There are rich sources in the cultural domain to substantiate the arguments in favour of existence of the old Silk Road in Gilgit. The oral folk literature is studded with exquisite poetry, which profusely uses silk (sikim) as a metaphor for refined beauty and delicacy of the beloved. Ustad Abbas Hassanabadi in his Brushashki lyric goes lyrical about the beauty of silky hair of the coquette who spread her hair like a net to captivate his heart. Jan Ali, a populist poet of Shina language, in one of his songs wishes to be hanged on the refined silky hair of his beloved for whom he has abandoned all his kith and kin. A poet from Chilas sings of his yearnings for his beloved in these verses: “Arranging silky adoration for you as bride, You will leave your abode, Jingling the silver-made necklace over thine neck, I will surrender under your doorstep, When you would have been carried as bride.”
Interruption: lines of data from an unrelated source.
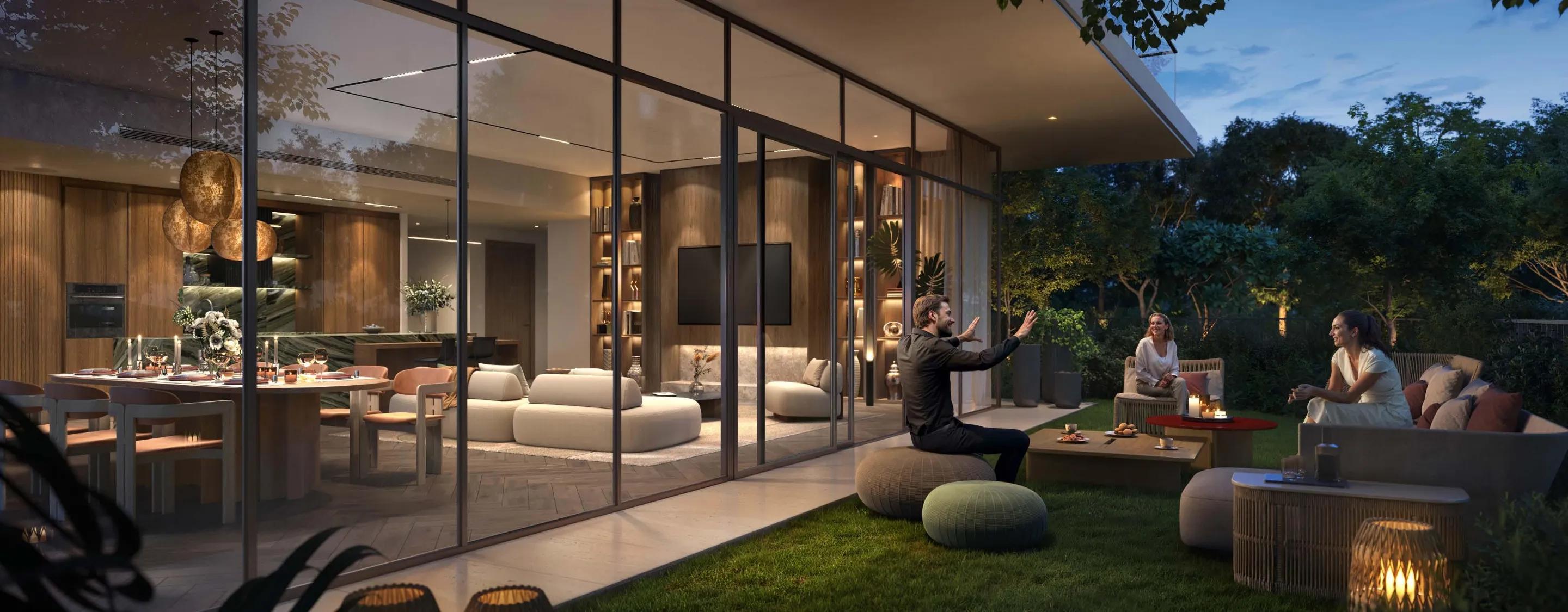 Al Jazi Studio - Image 10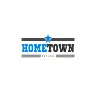 Hometown Roleplay 4.0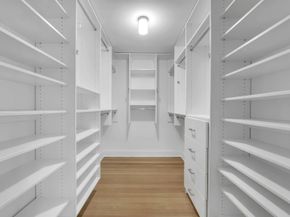 2628 Broadway 9A, New York NY 10025-5005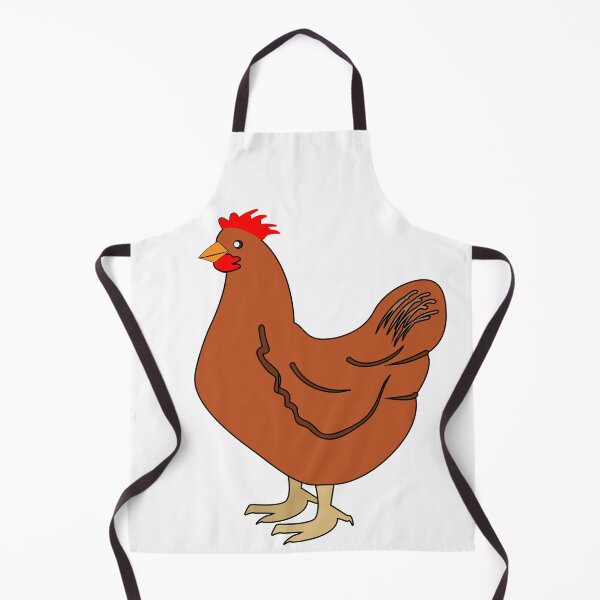 Item preview, Rooster designed and sold by Dobsy.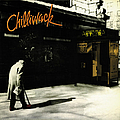 Chilliwack - Wanna Be A Star альбом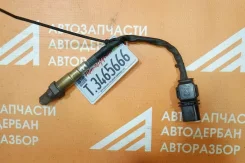 ������ ����������� Kia Sportage SL (2010-2015) �45-230 393502A410 ����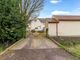 Thumbnail Detached house for sale in Sticky Lane, Hardwicke, Gloucester, Gloucestershire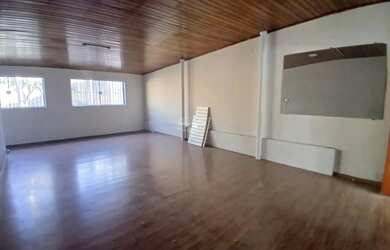 Imagem 14: Salão comercial para alugar no bairro Paulista, Piracicaba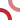 STRxl+r
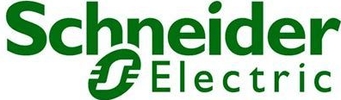 Fournisseur logo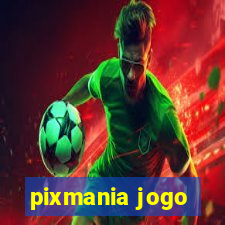 pixmania jogo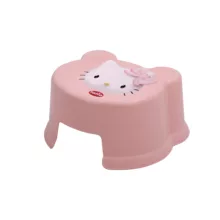 ست حمام تاتیا مدل میکی کد M3 مجموعه 8 عددی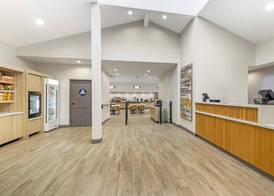 Best Western Chula Vista/Otay Valley Hotel 2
In olden times, silver and iron were meager in the region. Scarcity of these metals compelled the people to rely on raw material and sometimes skills imported from Kashgar and other areas of Xinjiang the erstwhile Eastern Turkistan and Central Asia. Even today the utensils of households include old samawars from Eastern Turkistan. Kashgar, being the hub of Silk Road, had close commercial and cultural connections with Hunza and Gilgit. These connections facilitated exchange of goods and skills typical of the Silk Route trade.
For example, the first consignment of guns in Hunza was delivered from Central Asia. When the king of Hunza faced threats from British and Dogras, he hired the services of Adina Baig from Yarkand to make a cannon. Owing to scarcity of iron, the then Mir of Hunza ordered to collect every item made of iron from all over Hunza. In response, every household contributed iron in the shape of utensils and other iron items. With the help of his handyman, Adina Baig made the famous canon of Hunza in 1862, which was later used in the Anglo Hunza-Nagar war in 1891.
The concept of culture not only encompasses humans but also covers animals as well. The kind of animals used in Gilgit and Hunza for travel and trade shows the nature of trade routes and commonalities with the Silk Road. Before the advent of road, packhorses, ponies, yak, camel and donkeys were used for trade on the Silk Road networks crisscrossing High Asia including Gilgit-Baltistan. Among all the animals the double humped Bactrian camel became the symbol of caravans on the Silk Road. It was the best-suited animal to navigate through rugged mountain terrain and harsh cold weather, and it can carry more than 450 kilos of load. Because of this it is called the workhorse of the Silk Roads.
This animal has become part of culture and agriculture of Gilgit. As a child I still remember caravans of Bactrian camels entering Gilgit city on Karakoram Highway in the early 1980s. With the increase in traffic on KKH, the Bactrian camel disappeared from the region. The former governor of Gilgit-Baltistan, Pir Karam Ali Shah, owned the last remaining Bactrian camel, the last of which was slaughtered in 2014.
The purpose of highlighting examples from the domains of culture and livestock is to show that Gilgit-Baltistan was part of the historical Silk Road. Like other spheres of life, the Silk Road has also undergone many changes. Today, the KKH has been transformed into a corridor, but it is not the end of the Silk Road; rather it’s an expansion and continuum of historical process in which regions of Inner and High Asia are experiencing expansion of local horizons into regional and global one.
It is high time to critically evaluate the knowledge about Gilgit-Baltistan that is produced either to serve the powers during colonial times or by impressionist ramblers who have assumed the charge of authority about the history of the region in the postcolonial period.
We are what we think. The collective cultural and historical memory testifies to the fact that the Silk Road did go through Gilgit-Baltistan.